Pubsub
Docker container running on a GCE instance.
No intermittent auth errors.
We occasionally see
rpc error: code = Unauthenticated desc = Request had invalid authentication
credentials. Expected OAuth 2 access token, login cookie or other valid authentication
credential. See https://developers.google.com/identity/sign-in/web/devconsole-project.
From sub.Receive. If we wrap the Receive call in a retry, this issue clears up within about a second.
Running on 0.25.0 of this library.
Also have seen rpc error: code = Unavailable desc = Authentication backend unavailable.
And rpc error: code = Unavailable desc = there is no connection available
As well as rpc error: code = Unavailable desc = the connection is draining.
Would this last one occur because we cancelled the context?

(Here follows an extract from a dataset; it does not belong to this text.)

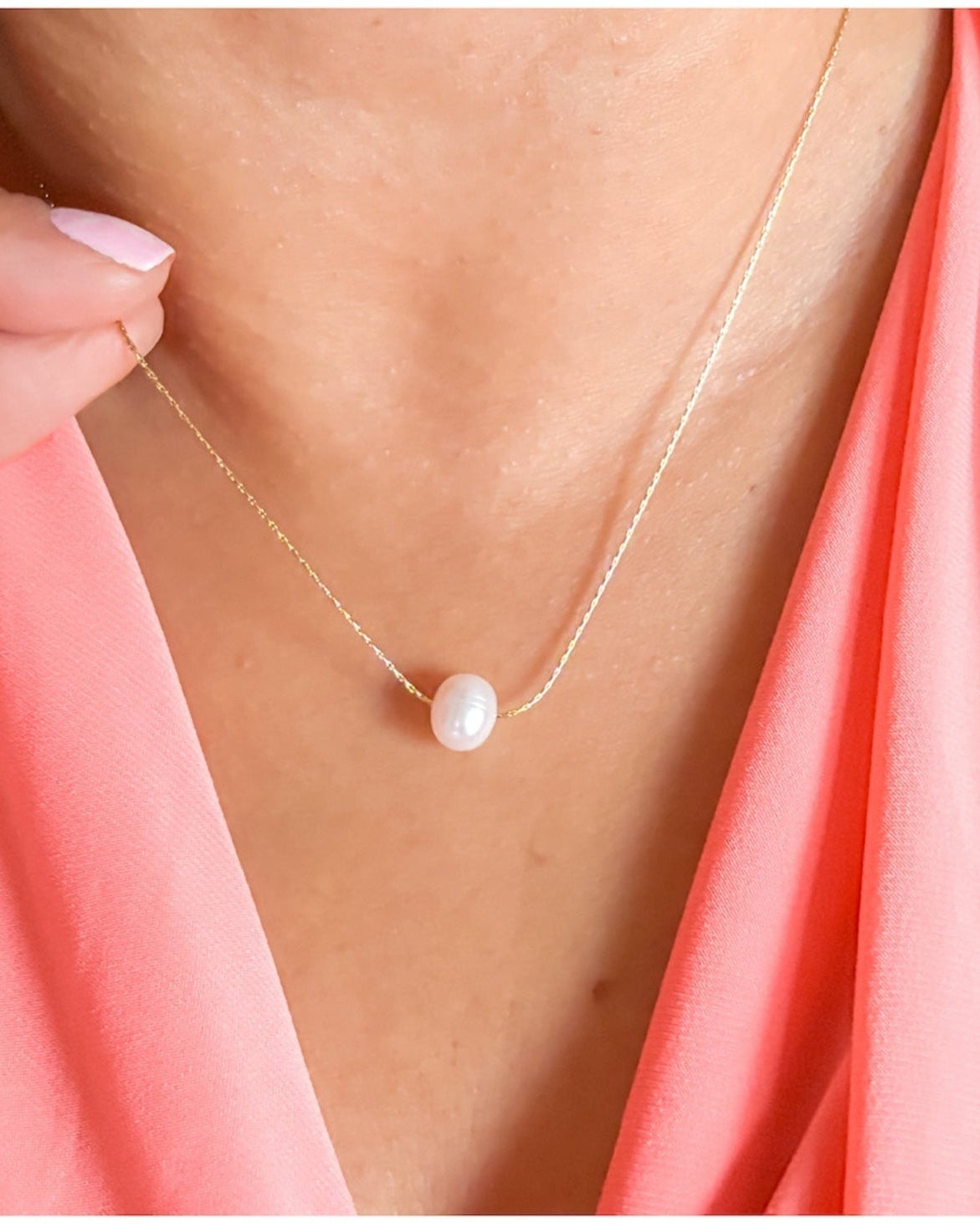 Dainty pearl necklace / Tiny 18k Gold plated Jewelry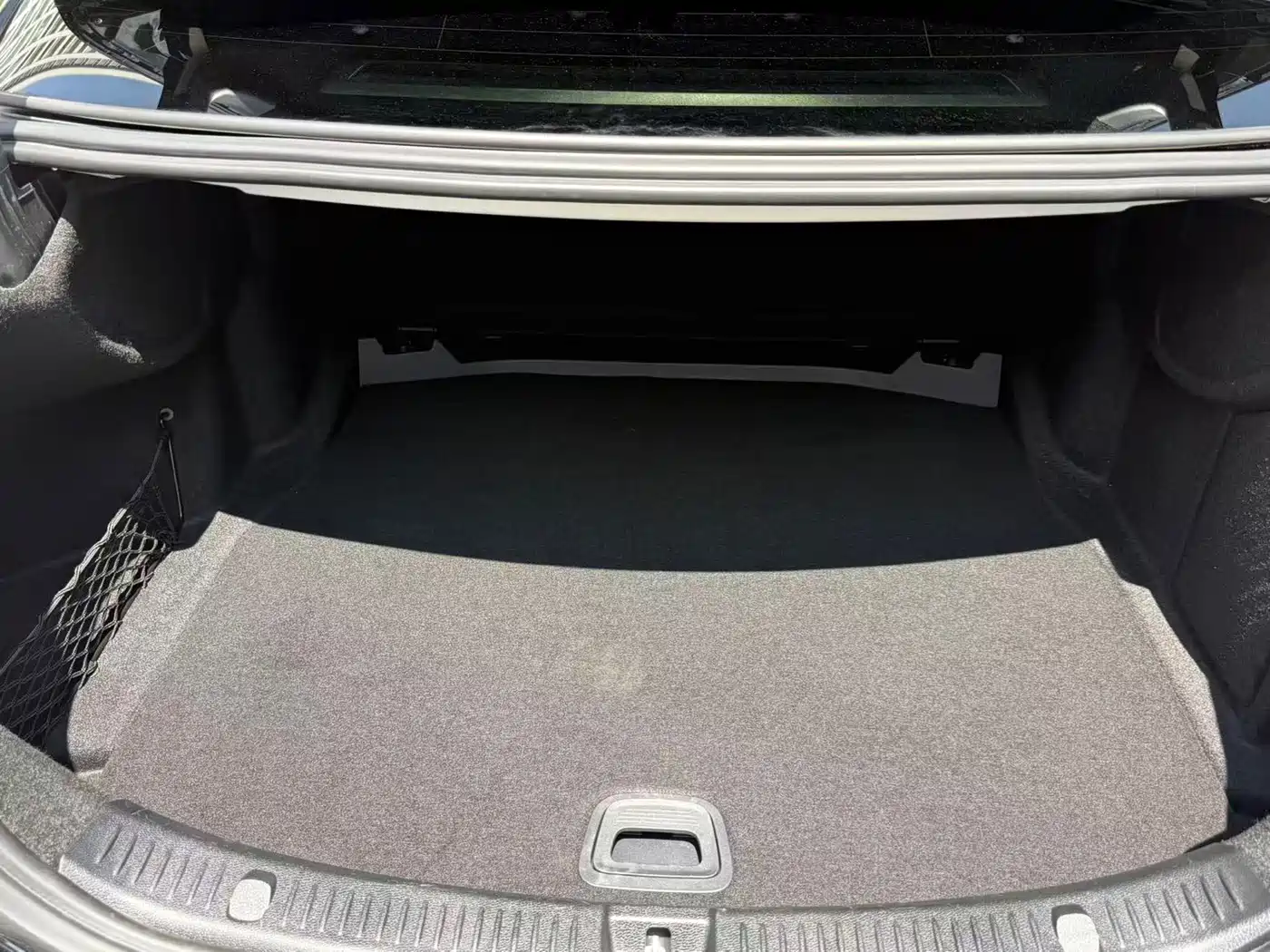 Mercedes-Benz E-Class 2019 E 300 L Sport Fashion фото 17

Are you using a service account or the default credentials? You should always use a service account in production. See #1047.
We are definitely using a service account with the instance.
Do we need to do anything special when creating the pubsub client and receiving to use the service account credentials?
@jba whats the file name?
If we're running the instance under the service account, do we need to do that?
@broady @jadekler @zombiezen any thoughts here?
Hi @nhooyr. When you create a service account, the next step is to create a key for that service account. The key is downloaded in the form of a JSON file.
Now that you have a json file - let's say it lives at /private/creds.json - you can do:
client, err := pubsub.NewClient(ctx, projID, option.WithCredentialsFile("/private/creds.json"))
Without this option, it's likely using default credentials which I believe are more transient - and therefore liable to failure (spitballing, but it's a reasonable guess as to why you're seeing errors I think).
If we're running the instance under the service account, do we need to do that?
I believe so, yes.
@jadekler
That seems wrong to me. Your linked documentation says
To use a service account outside of the Google Cloud Platform (on other platforms or on premise), you must establish the identity of the service account. Public/private key pairs will let you do that.
Those keys are only for when using a service account outside of GCP.
We sshed into an instance where this intermittent errors were occurring and ran:
$ toolbox
$ gcloud auth list
And there was only one account listed, the service account. So I don't think it because we're using the wrong credentials.
@nhooyr it's quite common to use service accounts like this even within GCP. You /must/ use a service account key outside GCP. When running inside GCP, you can use the metadata server, but you can /also/ use a service account key. Additionally, using the metadata server /does/ mean you end up using a service account (the default service account).
How often is this error happening? What percentage of requests? Or does it happen periodically?
If you could run:
creds, err := google.FindDefaultCredentials(ctx)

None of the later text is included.